_What the task requires_. For every line in the data below that contains "with", copy the line.

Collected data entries
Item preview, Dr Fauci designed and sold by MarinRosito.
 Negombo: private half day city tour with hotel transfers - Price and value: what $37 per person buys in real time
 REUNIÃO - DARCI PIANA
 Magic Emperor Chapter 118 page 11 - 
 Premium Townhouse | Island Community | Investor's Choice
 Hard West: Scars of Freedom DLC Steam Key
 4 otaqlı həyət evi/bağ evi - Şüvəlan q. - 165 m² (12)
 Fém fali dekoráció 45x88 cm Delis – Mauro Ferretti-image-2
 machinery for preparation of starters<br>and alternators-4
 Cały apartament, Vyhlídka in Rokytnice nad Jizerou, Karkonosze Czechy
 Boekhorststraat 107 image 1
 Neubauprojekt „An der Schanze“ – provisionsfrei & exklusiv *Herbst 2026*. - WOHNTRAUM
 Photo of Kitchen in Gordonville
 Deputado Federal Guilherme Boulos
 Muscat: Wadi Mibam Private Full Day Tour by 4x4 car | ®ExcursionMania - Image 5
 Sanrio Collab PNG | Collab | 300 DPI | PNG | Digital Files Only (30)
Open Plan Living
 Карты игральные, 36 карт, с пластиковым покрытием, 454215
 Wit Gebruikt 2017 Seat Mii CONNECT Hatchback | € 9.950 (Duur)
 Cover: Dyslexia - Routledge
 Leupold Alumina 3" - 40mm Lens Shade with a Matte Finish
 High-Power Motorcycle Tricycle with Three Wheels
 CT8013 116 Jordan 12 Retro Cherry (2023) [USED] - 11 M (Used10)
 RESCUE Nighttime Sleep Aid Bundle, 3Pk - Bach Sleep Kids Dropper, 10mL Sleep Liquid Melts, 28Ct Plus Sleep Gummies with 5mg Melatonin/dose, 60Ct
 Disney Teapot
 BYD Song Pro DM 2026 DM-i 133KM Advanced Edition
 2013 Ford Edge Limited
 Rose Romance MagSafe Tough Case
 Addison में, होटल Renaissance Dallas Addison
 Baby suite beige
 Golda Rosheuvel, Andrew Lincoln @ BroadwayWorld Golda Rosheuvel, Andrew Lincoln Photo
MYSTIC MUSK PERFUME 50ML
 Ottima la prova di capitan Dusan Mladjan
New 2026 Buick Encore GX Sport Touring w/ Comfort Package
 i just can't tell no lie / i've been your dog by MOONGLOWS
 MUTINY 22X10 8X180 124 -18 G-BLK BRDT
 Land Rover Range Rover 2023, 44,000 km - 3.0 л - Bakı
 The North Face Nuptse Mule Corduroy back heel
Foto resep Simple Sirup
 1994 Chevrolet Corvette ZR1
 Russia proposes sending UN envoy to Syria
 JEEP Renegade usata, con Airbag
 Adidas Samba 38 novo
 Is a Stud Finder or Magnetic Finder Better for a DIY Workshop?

_Solution to this exercise_.
 Negombo: private half day city tour with hotel transfers - Price and value: what $37 per person buys in real time
 Leupold Alumina 3" - 40mm Lens Shade with a Matte Finish
 High-Power Motorcycle Tricycle with Three Wheels
 RESCUE Nighttime Sleep Aid Bundle, 3Pk - Bach Sleep Kids Dropper, 10mL Sleep Liquid Melts, 28Ct Plus Sleep Gummies with 5mg Melatonin/dose, 60Ct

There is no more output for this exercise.